**SUPPLIED DATA:**
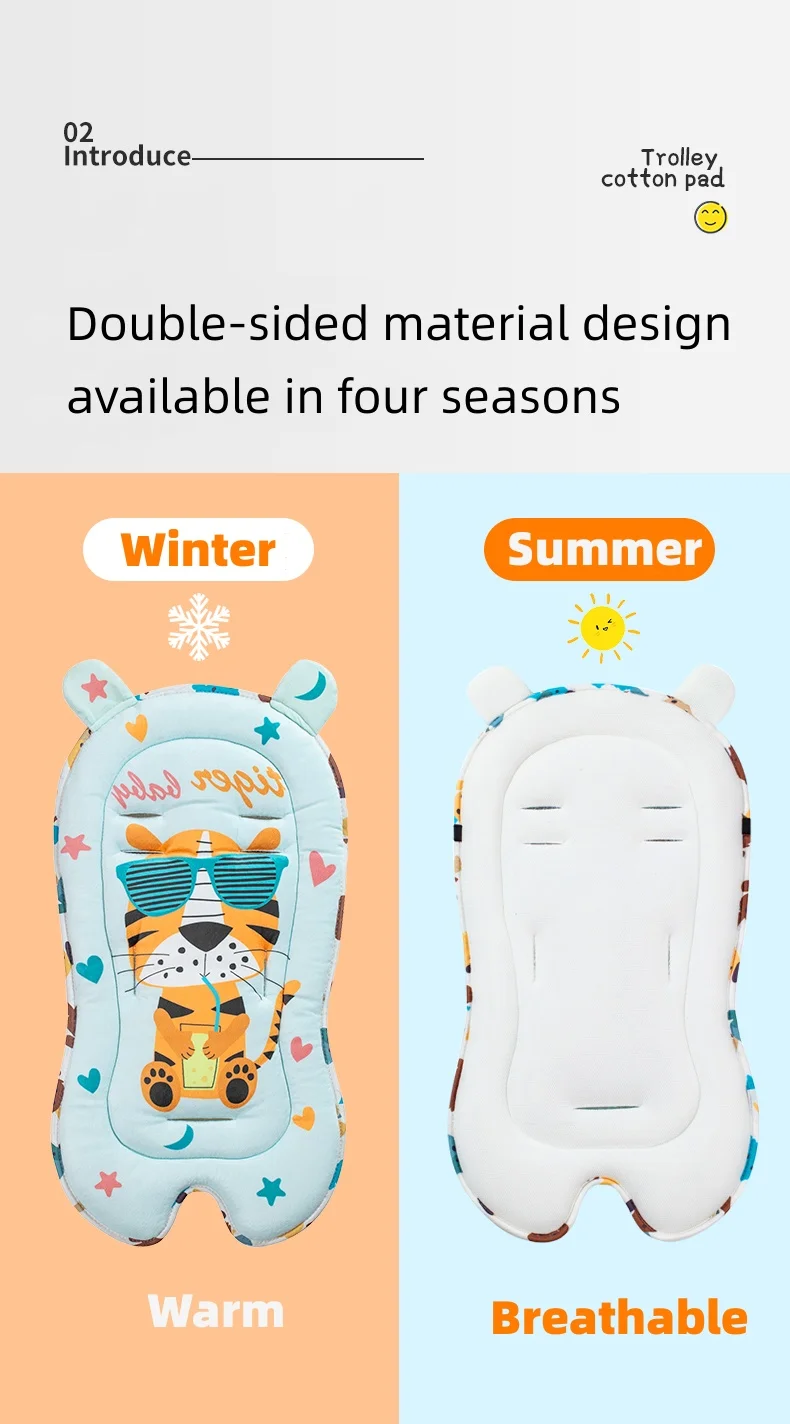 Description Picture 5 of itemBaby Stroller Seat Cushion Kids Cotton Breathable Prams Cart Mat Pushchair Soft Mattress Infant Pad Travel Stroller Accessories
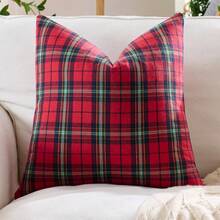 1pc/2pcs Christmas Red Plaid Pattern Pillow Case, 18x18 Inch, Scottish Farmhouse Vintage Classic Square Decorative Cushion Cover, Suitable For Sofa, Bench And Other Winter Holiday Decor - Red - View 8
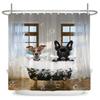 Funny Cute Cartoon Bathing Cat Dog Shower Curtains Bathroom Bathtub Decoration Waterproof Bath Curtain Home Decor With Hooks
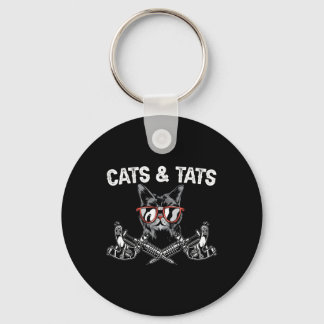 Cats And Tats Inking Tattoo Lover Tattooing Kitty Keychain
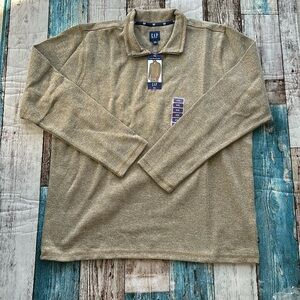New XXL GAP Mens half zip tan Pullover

**YOUR ASSIGNMENT:** Send back the listing exactly as it stands. Do not include the pictures.

**SOLUTION TO THE EXERCISE:**
 Description Picture 5 of itemBaby Stroller Seat Cushion Kids Cotton Breathable Prams Cart Mat Pushchair Soft Mattress Infant Pad Travel Stroller Accessories
 1pc/2pcs Christmas Red Plaid Pattern Pillow Case, 18x18 Inch, Scottish Farmhouse Vintage Classic Square Decorative Cushion Cover, Suitable For Sofa, Bench And Other Winter Holiday Decor - Red - View 8
 Funny Cute Cartoon Bathing Cat Dog Shower Curtains Bathroom Bathtub Decoration Waterproof Bath Curtain Home Decor With Hooks
 Cats And Tats Inking Tattoo Lover Tattooing Kitty Keychain
New XXL GAP Mens half zip tan Pullover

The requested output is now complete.